──────── Records shown ────────
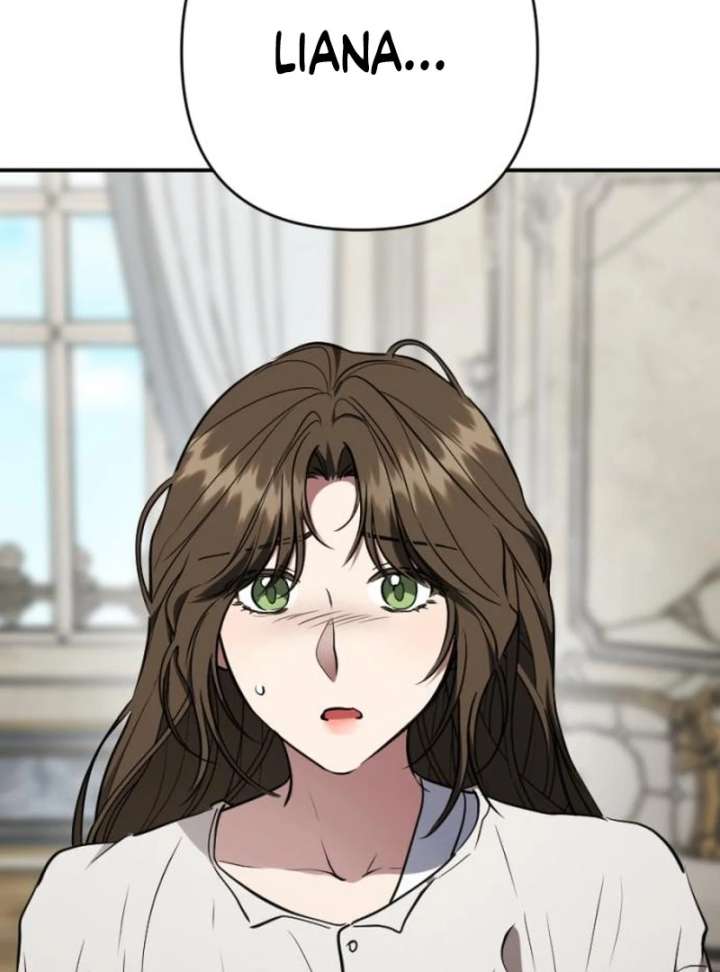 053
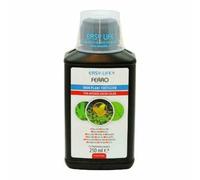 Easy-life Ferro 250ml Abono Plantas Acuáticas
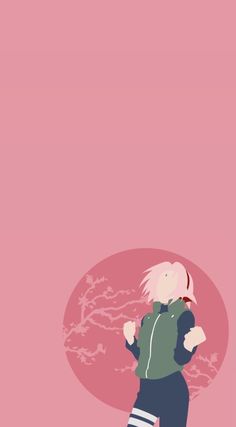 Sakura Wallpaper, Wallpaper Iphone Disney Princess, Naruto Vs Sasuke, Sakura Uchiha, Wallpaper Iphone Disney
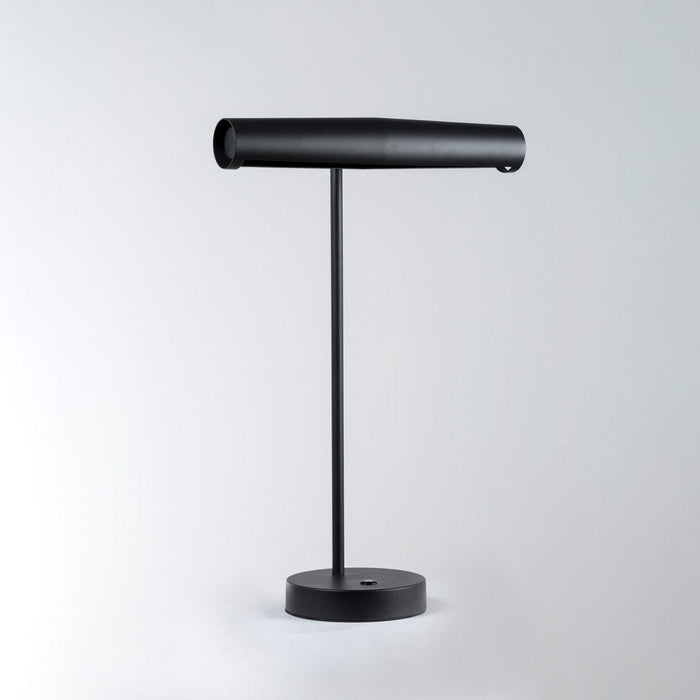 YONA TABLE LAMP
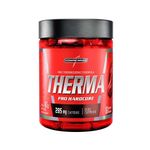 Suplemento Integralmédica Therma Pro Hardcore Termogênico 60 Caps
────────
◆ **Required action**
Final task for the records above: print exactly the lines from the one that contains "Sakura Wallpaper, Wallpaper" through the last line, both ends included, pictures excluded.

◆ **Output of the task**
 Sakura Wallpaper, Wallpaper Iphone Disney Princess, Naruto Vs Sasuke, Sakura Uchiha, Wallpaper Iphone Disney
 YONA TABLE LAMP
 Suplemento Integralmédica Therma Pro Hardcore Termogênico 60 Caps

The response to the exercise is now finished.